[[ ENTRIES SUPPLIED open ]]

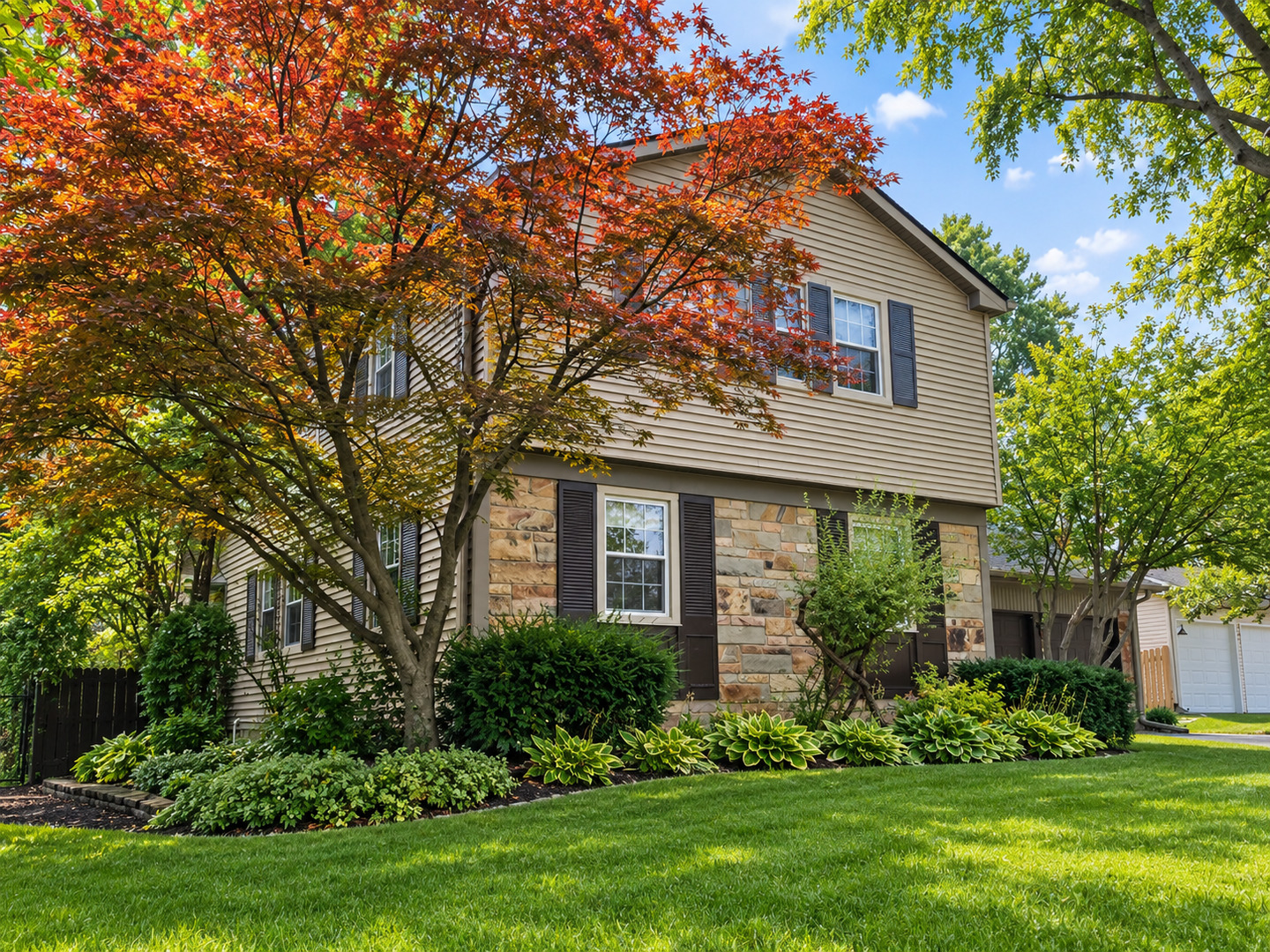 933 Country Lane Property Photo 40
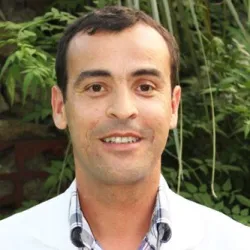 Photo of practitioner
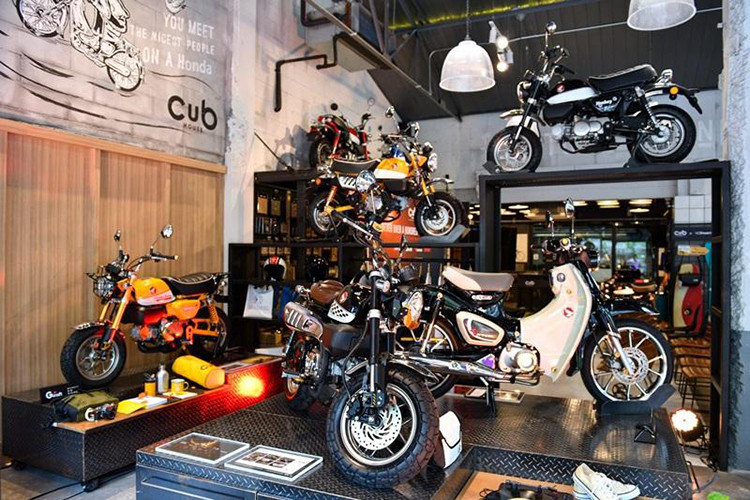 Bản trang bị Honda Cub C125 Gold Eclipse sẽ có số lượng giới hạn 50 xe tại thị trường Thái Lan với giá bán 99.900 Baht (tương đương 73 triệu đồng). Giá xe Honda Cub C125 Blue Twilight được niêm yết ở mức 117.900 Baht (tương đương 86,2 triệu đồng).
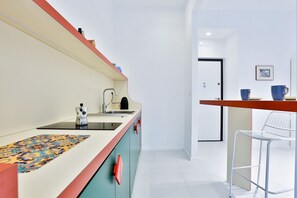 Refrigerador, placa de cocina, utensilios de cocina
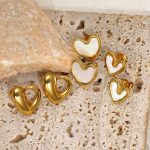 Stainless steel 18K gold-plated heart-shaped shell-inlaid stud earrings, women’s high-end, light-luxury ear jewelry.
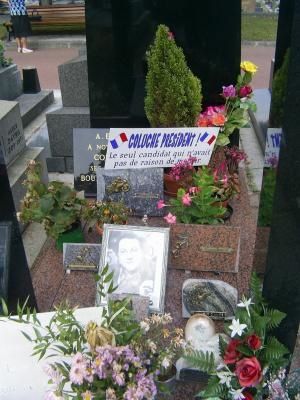 perelachaisetombecoluche.jpg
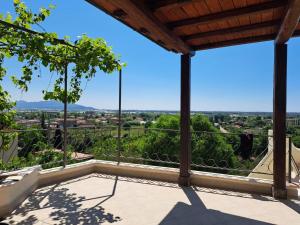 Blick vom Balkon eines Hauses in der Unterkunft Relais Serenitas - UN LETTO IDEALE in Monte San Biagio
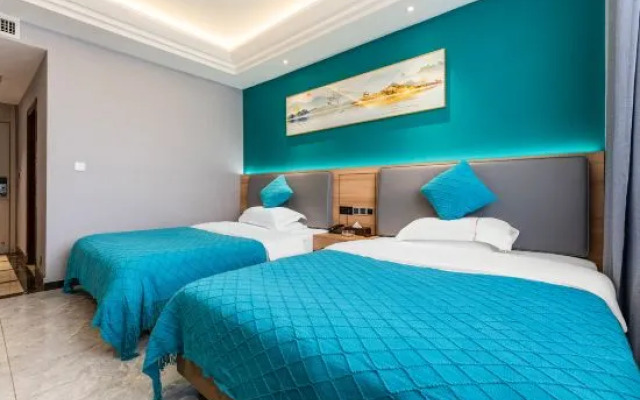 Cenxi Yuanfeng Hotel (Tanhua Bus Station)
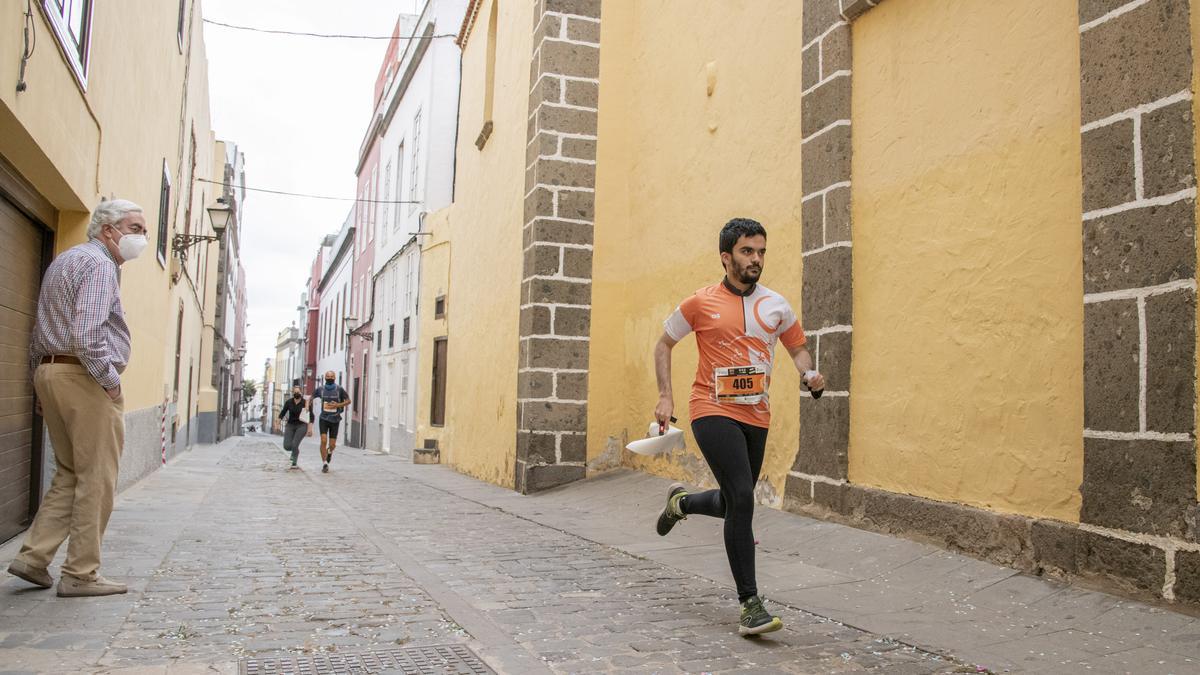 Uno de los participantes de la LPA City Race Gran Canaria de la pasada edición por la calle Espíritu Santo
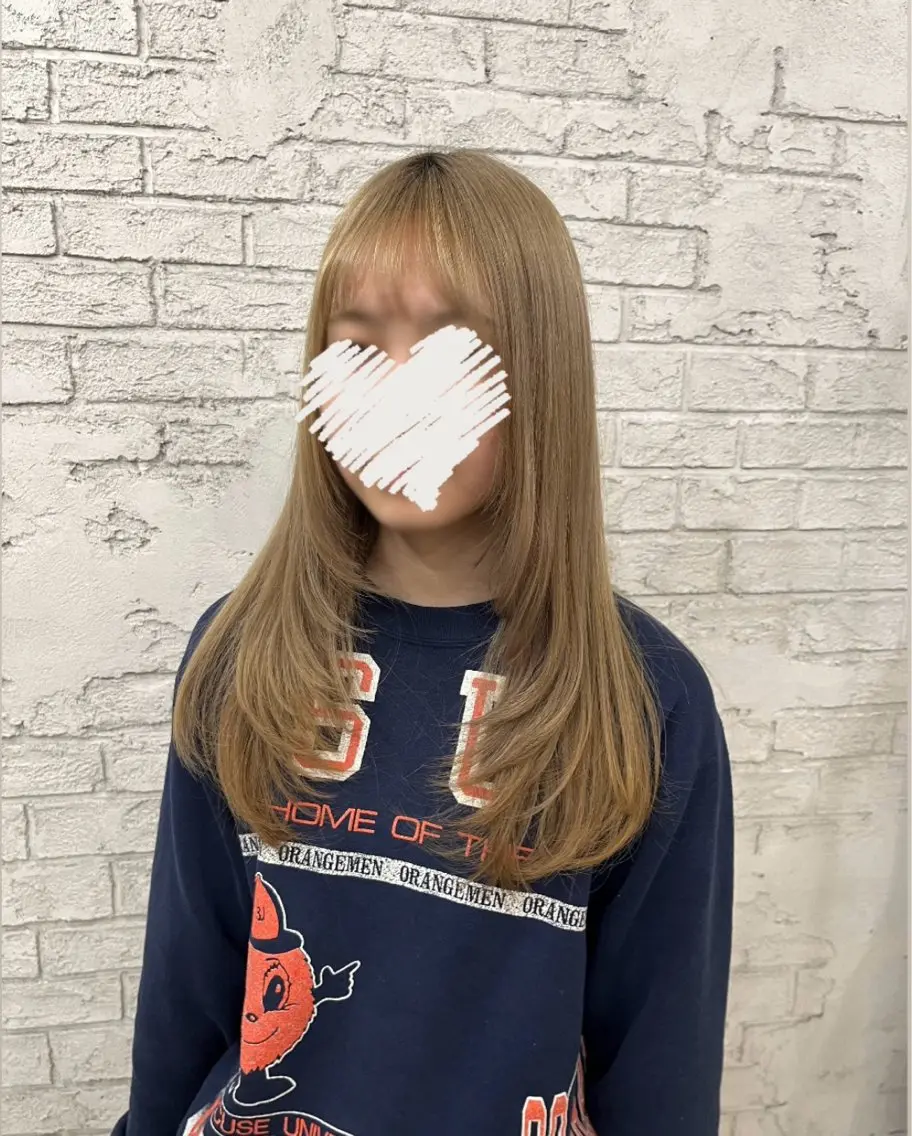 ロング ✨レイヤーハイトーン tomoko🦋✨のヘアスタイル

[[ ENTRIES SUPPLIED closed ]]

_EXERCISE DIRECTIONS_. Print once more, exactly, the lines from the one with "Stainless steel 18K" through the last line of the data, both ends included, without any pictures.

_ANSWER SPACE_.
 Stainless steel 18K gold-plated heart-shaped shell-inlaid stud earrings, women’s high-end, light-luxury ear jewelry.
 perelachaisetombecoluche.jpg
 Blick vom Balkon eines Hauses in der Unterkunft Relais Serenitas - UN LETTO IDEALE in Monte San Biagio
 Cenxi Yuanfeng Hotel (Tanhua Bus Station)
 Uno de los participantes de la LPA City Race Gran Canaria de la pasada edición por la calle Espíritu Santo
 ロング ✨レイヤーハイトーン tomoko🦋✨のヘアスタイル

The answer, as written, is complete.